Ingredients for Crepe Batter (you have a few options here):
Banh Xeo Crepe mix (can be found at your local Asian market)
1 ¼ cup rice flour
1 ¼ cup soda mineral water
¼ tsp salt
1 tsp sugar
½ tsp ground turmeric
1 Tbsp oil
Ingredients for Filling:
½ lb raw medium shrimp (you can always add more if you are leaving out the pork)
½ lb pork chop (thinly sliced)
1 bag of bean sprouts (about 2 cups)
1 bunch of scallions (diced)
1 cup mushrooms (you can pick your favorite or stick to something a bit more traditional like straw mushrooms)
2 Tbsp nuoc mam (Vietnamese fish sauce)
Pinch of ground black pepper
Ingredients for Dipping Sauce:
¼ cup nuoc mam (Vietnamese fish sauce)
¼ cup sugar
Lime juice (to taste)
Hot sauce or hot peppers (finely chopped, to taste – optional)
For this recipe, just leave out the shrimp and pork. You can add tofu or some kind of mock meat such as pork or shrimp. I would also suggest adding a veggie or two such as green beans (which I have used when making this recipe for my sister, who loves them).
Lettuce leaves (mix it up)
Wok or heavy non-stick skillet
Large mixing bowl
Mix the ingredients for the batter in a large bowl and let it sit for about 10 minutes.
Clean the shrimp (peeling and deveining), cut in half and set aside in a bowl. Remove the fat from the pork and thinly slice into strips. Clean and dice the scallions. Mix the shrimp, pork, and scallions in a bowl with the fish sauce and ground black pepper to marinate for a few minutes.
In the meantime, clean the mushrooms with a damp cloth and cut into slices.
For the filling, there are 2 ways that it is done. One way where the raw meat and veggies are put directly into the crepe as it cooks. The other way which I think is better for making sure that the meat is cooked through, is to sautéed the pork and shrimp before you begin making the crepes. After cooking the meat set aside in a bowl.

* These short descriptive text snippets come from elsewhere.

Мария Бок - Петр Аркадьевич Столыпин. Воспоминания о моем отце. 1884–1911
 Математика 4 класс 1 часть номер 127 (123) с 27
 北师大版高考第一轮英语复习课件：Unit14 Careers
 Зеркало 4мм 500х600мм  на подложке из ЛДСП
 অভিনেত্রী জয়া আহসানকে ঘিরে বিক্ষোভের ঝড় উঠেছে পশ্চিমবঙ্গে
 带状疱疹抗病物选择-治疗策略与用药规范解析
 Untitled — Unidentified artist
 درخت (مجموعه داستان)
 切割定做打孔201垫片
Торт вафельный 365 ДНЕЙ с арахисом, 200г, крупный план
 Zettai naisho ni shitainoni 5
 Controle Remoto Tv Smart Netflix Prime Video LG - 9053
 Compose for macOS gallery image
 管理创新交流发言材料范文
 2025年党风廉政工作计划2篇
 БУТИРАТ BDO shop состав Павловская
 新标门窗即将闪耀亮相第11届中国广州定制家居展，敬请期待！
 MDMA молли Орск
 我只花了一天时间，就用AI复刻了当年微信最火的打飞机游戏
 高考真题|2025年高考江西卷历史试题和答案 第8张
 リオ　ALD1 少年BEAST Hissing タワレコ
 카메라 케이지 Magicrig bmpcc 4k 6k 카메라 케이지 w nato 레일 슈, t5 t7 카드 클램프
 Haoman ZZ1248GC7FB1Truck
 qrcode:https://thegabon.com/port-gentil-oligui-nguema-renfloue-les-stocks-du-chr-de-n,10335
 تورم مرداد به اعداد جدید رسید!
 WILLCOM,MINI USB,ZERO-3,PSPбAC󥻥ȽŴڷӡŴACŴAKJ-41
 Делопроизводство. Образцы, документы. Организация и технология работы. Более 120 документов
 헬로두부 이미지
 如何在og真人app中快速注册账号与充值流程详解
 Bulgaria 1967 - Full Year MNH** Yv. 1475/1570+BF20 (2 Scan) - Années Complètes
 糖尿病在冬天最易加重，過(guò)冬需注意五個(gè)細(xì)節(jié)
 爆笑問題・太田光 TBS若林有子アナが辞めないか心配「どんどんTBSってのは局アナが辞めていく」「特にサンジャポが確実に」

In your wok or skillet, heat about a tablespoon of oil over medium-high heat. Swirl the oil around so that the pan is completely covered. Now the goal is to get the crepe as thin and crispy as possible. Put about a half a cup of the batter into the pan. Immediately swirl the batter around so that it is evenly spread over the skillet and the layer is very thin. As the batter cooks it will making a sizzling sound and bubble slightly. Now it’s time for the filling. On one half of the crepe, put a few tablespoons of pork and a few shrimp, topped with some mushrooms and bean sprouts. Allow to cook for a few minutes until the edge of the crepe has pulled away from the pan. Now use your spatula to lift the crepe and check for a nice golden brown color. If you are happy with the color and crispiness of the crepe, fold over and place on a plate for serving.
This is definitely a recipe that needs to be made fresh. You can’t really store the crepes in the fridge because they will become soggy and much less appetizing. However, if you decide to save some, instead of reheating in the microwave, it would probably be better to fry them up again.
If you are looking for this dish in a restaurant it is not going to be the easiest thing to find. In many cases Vietnamese restaurants, will use the word crepe to describe steamed rice flour rolls with similar filling ingredients. While these are still very tasty you are not going to satisfy your craving for a crispy savory crepe.